The Ebola virus is again terrorizing an African nation. The current outbreak in the Democratic Republic of Congo (DRC) continues to spread after it first appeared 10 months ago. By mid-May, the number of cases was 1,847 (1759 confirmed and 88 probable). In total, there were 1,223 deaths (1135 confirmed and 88 probable) and 487 people survived.
The deaths in this outbreak are 10% of the total deaths recorded in West Africa in 2014. That outbreak took more than 11,000 lives.
This outbreak has garnered less global attention, partly because of some promising developments, most notably the experimental Ebola vaccine which has been given to more than 100,000 people. In addition, new experimental therapies are being used to treat infected patients.
Some lessons have also been learned since the 2014 outbreak, which exploded in part because of a sluggish global response and the misallocation of funds. This time around, the World Health Organisation (WHO) responded swiftly. All of this is good news. But the truth is that the current Ebola outbreak is still proving to be one of the most complex, deadly and unforgiving.
Understanding why is important. Equally important is the need for leaders in charge of the response to adopt radical approaches to stop the outbreak. Some—such as incentivizing community leaders with stipends or finding ways to draw rebel groups into the prevention net—have been tried elsewhere and should be replicated.
First, let’s consider the political climate. This time, Ebola is spreading in a war zone. In a terrifying convergence, the virus first struck in Beni, the epicenter of a long-running conflict that’s killed civilians and United Nations peacekeepers.
Treating Ebola is complicated and involves risks even without the threat of violence. In a war zone, it’s proving nearly impossible; health workers are battling Ebola while also being targeted by rebel forces.
Attacks have become daily occurrences. Recently two of the Ebola treatment centers operated by Doctors Without Borders were attacked in the space of a week. And a doctor from the WHO was killed by armed militia.
On top of this the critical, life-saving lessons learned from the West Africa outbreak aren’t being implemented; though, admittedly, conditions in the DRC makes some hard to replicate.

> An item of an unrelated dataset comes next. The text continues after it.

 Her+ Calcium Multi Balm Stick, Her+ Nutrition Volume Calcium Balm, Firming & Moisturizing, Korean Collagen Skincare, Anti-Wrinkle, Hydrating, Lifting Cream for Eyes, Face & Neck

For example, one of the biggest takeaways from the 2014 epidemic is that fear plays a major role in the communities where Ebola strikes. In Liberia people were initially so afraid of health workers that they resisted treatment and ignored orders not to self-quarantine.
As one of the lead coordinators of the national response to Ebola in Liberia, one of my main jobs was to ease the widespread fear. We did so by engaging with local communities. We recruited them to help in a number of ways, including being active case finders and leading negotiations with hostile community members.
A lack of trust is evident from troubling reports that many are resisting vaccination. We don’t yet know why. The resistance sits side-by-side with peoples’ receptiveness to other Ebola treatment.
From my previous experience it suggests that health workers must find a way to break through to clear the path for an effective vaccination drive – and to ensure that opposition doesn’t quickly grow into resistance to the overall response.
The grim facts are undisputed: the current Ebola outbreak is expanding, largely unabated. And there is a growing risk that it will spill over to neighboring countries with the potential of spreading internationally. The possibilities are terrifying.
What can leaders of the response do?
We had to think outside the standard conventions of emergency response.
First, they can incentivize community leaders (chiefs, healers, women, priests) on a fixed stipend to head the response in their respective towns or villages. Doing this will lead to a network of trusted messengers who can effectively communicate to a frightened, confused people. We did this in Liberia. And it can be done in the DRC, despite the challenges of war.
In Liberia we also incentivized a local gang that had been infected by offering them illicit drugs. It was unconventional – there were no rules for this kind of engagement – but it worked: we negotiated a self-quarantine of 32 homeless gang members. We also offered food to armed robbers in exchange for safe passage through a slum called West Point.
Second, food can be used to incentivize community response and volunteer self-quarantine. Food has historically being used as a weapon of war, but we turned it around in Liberia and used it as a force for Ebola containment. We did this successfully in collaboration with the World Food Programme. We provided food to entire villages where Ebola had occurred. Village leaders then decided that for 21 days no one would leave their villages and no new visitors would be allowed. By providing food and their basic needs these local leaders became empowered to work with their people to contain the outbreak.
Third, find all means necessary to incentivize the rebels and make them a part of the response. A trusted third party – like the Southern African Development Community, WHO or some other organization – must convince the national government to allow them to meet the warring factions and give them the resources to take steps in their territory.
The ideal option is to appeal to all factions for a freeze on war for 42 days so that massive response efforts can be done. This was done by James P. Grant, the distinguished late president of UNICEF, in El Salvador. He launched the “Days of Tranquility” to allow the warring factions to cease fire to allow immunization. He succeeded by using the influence of the Catholic Church.
In the DRC major stakeholders could be corralled into supporting a “42 Day Cease Fire for Ebola”.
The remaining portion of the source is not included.